## TASK ITEM:
In the entries below, identify every line with the string "Mann" and copy it.

- - -

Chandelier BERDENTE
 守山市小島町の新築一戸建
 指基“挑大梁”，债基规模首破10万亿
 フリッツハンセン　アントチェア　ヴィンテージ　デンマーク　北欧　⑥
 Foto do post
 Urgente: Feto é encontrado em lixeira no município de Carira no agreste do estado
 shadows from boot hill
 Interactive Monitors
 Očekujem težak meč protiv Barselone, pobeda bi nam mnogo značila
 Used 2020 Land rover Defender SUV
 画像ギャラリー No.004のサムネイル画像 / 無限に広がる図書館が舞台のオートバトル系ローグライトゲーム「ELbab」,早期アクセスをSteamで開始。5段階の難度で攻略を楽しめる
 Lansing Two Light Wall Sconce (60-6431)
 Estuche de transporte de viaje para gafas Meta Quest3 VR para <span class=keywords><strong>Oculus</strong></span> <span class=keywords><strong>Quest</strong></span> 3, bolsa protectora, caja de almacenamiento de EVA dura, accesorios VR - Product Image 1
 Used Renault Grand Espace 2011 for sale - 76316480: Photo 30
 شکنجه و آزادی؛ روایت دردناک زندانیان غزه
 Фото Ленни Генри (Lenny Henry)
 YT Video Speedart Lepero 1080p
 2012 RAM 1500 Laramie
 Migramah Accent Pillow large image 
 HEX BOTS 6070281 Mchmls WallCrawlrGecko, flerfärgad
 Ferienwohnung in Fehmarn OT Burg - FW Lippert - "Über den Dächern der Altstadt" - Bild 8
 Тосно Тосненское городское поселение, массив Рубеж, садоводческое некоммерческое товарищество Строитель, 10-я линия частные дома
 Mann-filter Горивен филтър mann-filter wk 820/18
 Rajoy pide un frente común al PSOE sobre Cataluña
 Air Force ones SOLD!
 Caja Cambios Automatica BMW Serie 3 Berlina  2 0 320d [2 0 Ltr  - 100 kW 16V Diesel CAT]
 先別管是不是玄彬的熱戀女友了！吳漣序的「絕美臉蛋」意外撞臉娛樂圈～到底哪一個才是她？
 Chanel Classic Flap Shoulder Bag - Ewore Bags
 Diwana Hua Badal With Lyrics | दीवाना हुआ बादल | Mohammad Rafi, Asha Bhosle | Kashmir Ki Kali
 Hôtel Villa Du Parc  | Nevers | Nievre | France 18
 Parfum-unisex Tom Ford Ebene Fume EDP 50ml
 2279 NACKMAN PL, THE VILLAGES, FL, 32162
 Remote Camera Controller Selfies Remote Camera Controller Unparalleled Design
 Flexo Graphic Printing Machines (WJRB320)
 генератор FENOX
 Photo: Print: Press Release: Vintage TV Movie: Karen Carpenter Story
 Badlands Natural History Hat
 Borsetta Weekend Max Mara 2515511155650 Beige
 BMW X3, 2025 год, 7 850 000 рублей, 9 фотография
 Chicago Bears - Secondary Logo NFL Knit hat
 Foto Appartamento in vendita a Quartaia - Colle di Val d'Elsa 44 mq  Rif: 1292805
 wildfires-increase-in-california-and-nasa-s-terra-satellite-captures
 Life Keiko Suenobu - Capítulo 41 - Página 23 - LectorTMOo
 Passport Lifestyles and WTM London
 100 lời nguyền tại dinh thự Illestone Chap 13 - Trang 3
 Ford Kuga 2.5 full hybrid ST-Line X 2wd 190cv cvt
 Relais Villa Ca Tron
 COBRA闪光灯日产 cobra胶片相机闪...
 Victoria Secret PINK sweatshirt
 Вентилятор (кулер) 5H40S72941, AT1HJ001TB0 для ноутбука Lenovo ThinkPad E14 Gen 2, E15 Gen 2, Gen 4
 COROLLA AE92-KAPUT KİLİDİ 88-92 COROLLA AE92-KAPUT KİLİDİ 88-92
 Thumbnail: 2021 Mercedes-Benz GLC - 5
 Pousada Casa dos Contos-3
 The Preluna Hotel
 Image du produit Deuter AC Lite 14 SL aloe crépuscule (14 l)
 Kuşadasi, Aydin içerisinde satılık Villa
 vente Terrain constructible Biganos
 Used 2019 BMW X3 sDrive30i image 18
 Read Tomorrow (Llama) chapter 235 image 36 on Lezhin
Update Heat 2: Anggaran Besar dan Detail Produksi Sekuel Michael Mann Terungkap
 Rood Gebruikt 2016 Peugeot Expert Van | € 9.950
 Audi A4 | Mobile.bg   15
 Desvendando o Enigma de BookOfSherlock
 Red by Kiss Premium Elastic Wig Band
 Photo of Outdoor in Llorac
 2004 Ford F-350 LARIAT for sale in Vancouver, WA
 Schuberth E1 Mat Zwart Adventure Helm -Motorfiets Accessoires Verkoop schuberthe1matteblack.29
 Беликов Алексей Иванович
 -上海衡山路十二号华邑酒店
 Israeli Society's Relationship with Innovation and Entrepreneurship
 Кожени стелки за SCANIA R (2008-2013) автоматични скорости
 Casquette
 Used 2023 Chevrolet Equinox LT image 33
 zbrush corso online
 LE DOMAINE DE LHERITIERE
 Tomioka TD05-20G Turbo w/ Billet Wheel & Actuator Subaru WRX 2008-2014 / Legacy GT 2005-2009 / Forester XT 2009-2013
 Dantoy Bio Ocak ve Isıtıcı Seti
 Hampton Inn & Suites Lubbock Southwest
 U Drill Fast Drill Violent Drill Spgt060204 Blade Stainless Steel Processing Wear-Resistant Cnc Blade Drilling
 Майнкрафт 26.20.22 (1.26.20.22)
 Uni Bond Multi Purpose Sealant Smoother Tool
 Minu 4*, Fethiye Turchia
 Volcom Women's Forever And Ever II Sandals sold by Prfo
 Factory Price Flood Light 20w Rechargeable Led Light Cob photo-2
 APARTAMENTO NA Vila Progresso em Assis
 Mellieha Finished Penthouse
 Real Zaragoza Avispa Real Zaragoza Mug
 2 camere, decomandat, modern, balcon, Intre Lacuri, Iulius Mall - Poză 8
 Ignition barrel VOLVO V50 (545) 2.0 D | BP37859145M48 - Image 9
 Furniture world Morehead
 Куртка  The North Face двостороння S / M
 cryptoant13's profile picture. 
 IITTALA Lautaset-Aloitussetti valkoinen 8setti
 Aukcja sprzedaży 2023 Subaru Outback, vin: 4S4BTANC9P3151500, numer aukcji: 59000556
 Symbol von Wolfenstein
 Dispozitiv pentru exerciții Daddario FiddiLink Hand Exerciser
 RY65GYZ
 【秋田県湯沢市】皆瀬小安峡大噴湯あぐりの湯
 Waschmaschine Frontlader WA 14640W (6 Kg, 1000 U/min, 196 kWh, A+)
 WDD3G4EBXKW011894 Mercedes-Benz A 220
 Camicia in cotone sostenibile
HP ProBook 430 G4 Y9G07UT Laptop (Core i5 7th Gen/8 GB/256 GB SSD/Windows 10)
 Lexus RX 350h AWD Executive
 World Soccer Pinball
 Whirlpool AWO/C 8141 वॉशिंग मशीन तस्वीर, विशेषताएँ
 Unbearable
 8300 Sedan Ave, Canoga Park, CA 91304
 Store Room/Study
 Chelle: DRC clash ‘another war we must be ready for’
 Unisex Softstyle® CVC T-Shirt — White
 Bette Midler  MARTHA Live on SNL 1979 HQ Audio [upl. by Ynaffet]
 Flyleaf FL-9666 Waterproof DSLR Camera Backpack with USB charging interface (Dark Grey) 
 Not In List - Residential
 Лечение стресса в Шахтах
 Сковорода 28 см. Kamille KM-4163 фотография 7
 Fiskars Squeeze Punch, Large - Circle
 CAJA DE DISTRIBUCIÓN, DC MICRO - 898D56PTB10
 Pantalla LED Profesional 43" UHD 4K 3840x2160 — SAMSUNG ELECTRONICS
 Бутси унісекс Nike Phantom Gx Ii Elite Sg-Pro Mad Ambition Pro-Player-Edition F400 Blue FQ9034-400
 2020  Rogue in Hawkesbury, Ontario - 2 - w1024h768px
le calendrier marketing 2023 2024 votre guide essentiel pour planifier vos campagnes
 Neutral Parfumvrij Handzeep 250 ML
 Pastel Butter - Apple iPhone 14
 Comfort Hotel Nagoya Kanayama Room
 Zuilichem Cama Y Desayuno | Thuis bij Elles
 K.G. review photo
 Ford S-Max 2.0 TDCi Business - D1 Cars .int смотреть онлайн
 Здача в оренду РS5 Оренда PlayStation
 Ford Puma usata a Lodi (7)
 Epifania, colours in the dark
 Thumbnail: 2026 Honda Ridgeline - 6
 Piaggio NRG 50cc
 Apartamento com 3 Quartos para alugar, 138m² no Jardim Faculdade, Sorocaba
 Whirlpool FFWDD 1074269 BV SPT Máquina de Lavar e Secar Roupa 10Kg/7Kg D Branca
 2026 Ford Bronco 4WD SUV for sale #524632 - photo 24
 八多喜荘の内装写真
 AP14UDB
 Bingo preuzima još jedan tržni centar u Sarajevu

- - -

## TASK RESULT:
 Mann-filter Горивен филтър mann-filter wk 820/18
Update Heat 2: Anggaran Besar dan Detail Produksi Sekuel Michael Mann Terungkap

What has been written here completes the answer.